Relata a parte autora que em decorrência da patente nº MU8103532-2, LUIZ CARLOS GASTALDO está tentando estabelecer monopólio injusto e desleal por meio de comunicações extrajudiciais encaminhados à autora. 

Sublinha que a patente em questão não poderia ter sido concedida pelo INPI, pois, quando requerida, o objeto do modelo de utilidade já era de conhecimento público, encontrando-se, no estado da técnica.

Aponta que as particularidades da patente jamais poderiam ter sido protegidas, eis que consistem apenas em perfurações no produto, não havendo atividade inventiva ou novidade.

Esclarece que o objeto da patente, na verdade, consiste na reprodução de desenhos industriais anteriormente registrados nos Estados Unidos.

Mérito:

Sublinhe-se que no caso em apreço verifica-se que LUIZ CARLOS GASTALDO depositou na data de 15/03/2001, pedido de patente de modelo de utilidade (MU 8103532-2), “para aperfeiçoamentos introduzidos em caixa porta documentos” obtendo carta patente em 18/10/2011 perante o INPI (ID 94490830 – p. 36 e ID 94490830 – p. 243).

Por sua vez, DELO INDÚSTRIA E COMÉRCIO LTDA (parte autora) sustenta, em suma, que a mencionada carta patente jamais poderia haver sido concedida pela autarquia federal pois, o objeto do modelo de utilidade já era de conhecimento público (estado da técnica) já que reproduz as características construtivas dos desenhos industriais norte-americanos USD413749, US5094349, USD277396, USD5477967 e USD398725.  Assim, alega ausentes atividade inventiva e novidade em tal pedido.
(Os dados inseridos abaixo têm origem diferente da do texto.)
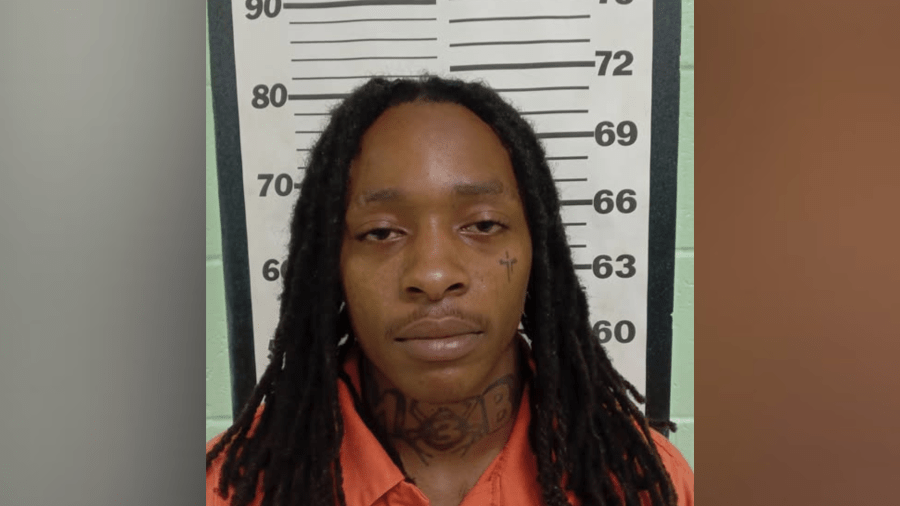 Man out of jail for murder detained after Mississippi gas station fight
Em contestação, o corréu LUIZ CARLOS GASTALDO informa ser sócio e diretor da empresa ACRIMET (MEGACRIL IND. E COM. DE PRODUTOS ACRÍLICOS E METALÚRGICOS LTDA.), a qual possui como objeto social industrialização, comercialização de produtos acrílicos e de material plástico, peças e conjuntos metalúrgicos e ramos congêneres. Informa que a DELO estaria confeccionando e comercializando produto designado de Organizador de Documentos Triplo Dello Color, o qual seria semelhante a sua patente de modelo de utilidade, bem como desenho industrial. Esclarece que em tal contexto, encaminhou notificação extrajudicial à autora, requerendo a interrupção imediata das atividades de produção e comercialização do organizador. Afirma que “Com as alegações de injusto monopólio de mercado, a Autora tenta fazer uso de objeto de REGISTRO DE PATENTE DE MODELO DE UTILIDADE DO RÉU que não lhe pertence.” (ID 94490830 – pp. 210/236).

Em contrapartida, o INPI manifestou-se no feito, pugnando pela sua integração à lide como assistente sui generis, nos termos do art. 57 Lei 9.279/96.  Colacionou Parecer Técnico elaborado pela Diretoria de Patentes.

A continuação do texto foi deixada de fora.